7. Silence by Shusaku Endo (1969). Set during the early seventeenth century, when Japanese Christians and the European priests serving them were persecuted and forced to renounce their faith, this novel focuses on a Portuguese priest whose travails force him to ponder “the silence of God . . . the feeling that while men raise their voices in anguish God remains with folded arms, silent.”

8. Pnin by Vladimir Nabokov (1953). This episodic novel details the often comic, unexceptional life of Timofey Pnin, a Russian teaching at an American college who has never mastered English or learned how to drive a car (like Nabokov himself). It is the telling of the tale that matters here, as Nabokov shifts time, mood, and perspective, eventually introducing a character, Mr. N., who makes us wonder about all we’ve seen and heard.

9. A Bend in the River by V. S. Naipaul (1979). A fictionalized account of the violence and political tyranny that gripped Zaire after its independence from Belgium, the novel focuses on an African of Indian descent named Salim who opens a small store at a bend in the Congo River. Ambitious, multicultural, and interested in the West, Salim represents the hopes of the “new Africa.” These hopes are dashed by a corrupt and vicious government in this grim saga of the challenges faced by postcolonial nations.

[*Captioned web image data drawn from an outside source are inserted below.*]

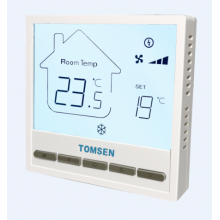 TM620 大屏液晶顯示型中央空調溫控器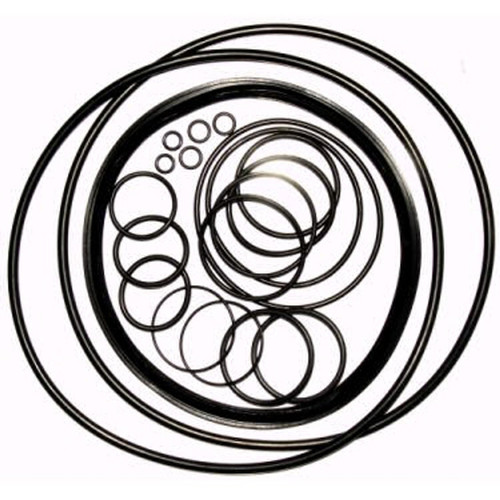PARKER O-Ring, Suitable For SAE thread, N552-90 NBR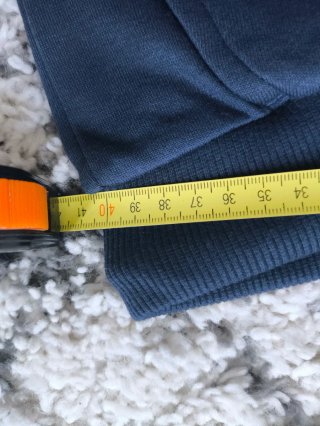 Pantalón corto Pierre Cardin azul marino Talla S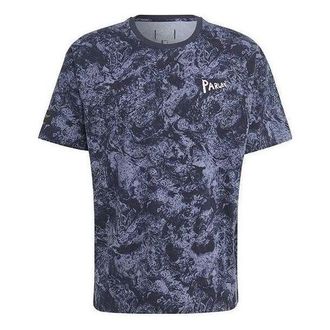 adidas x Parley Tee Purple HR6995
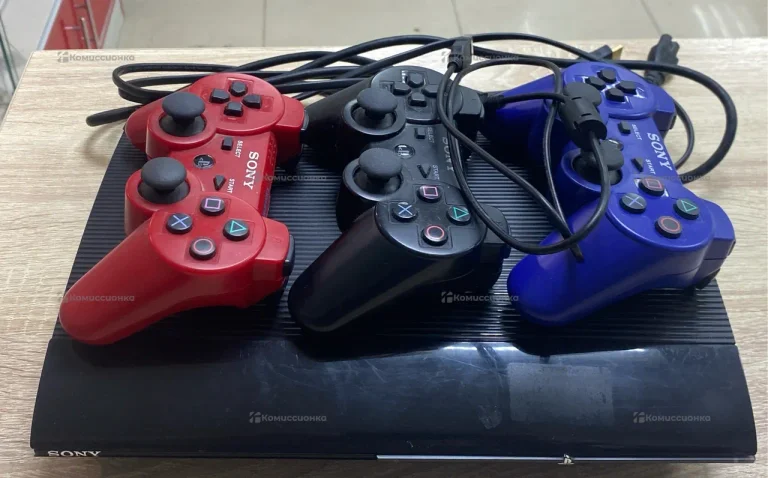 Приставка Sony Sony PlayStation 3 500gb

10. Heat and Dust by Ruth Prawer Jhabvala (1975). In 1920s India, the wife of an English officer strangled by propriety falls for a minor prince with a taste for crime. She aborts their child and leaves her husband. Fifty years later, her ex-husband’s granddaughter returns to India to investigate the scandal. Through these two women Jhabvala suggests how the past informs the present, while presenting a vivid picture of India.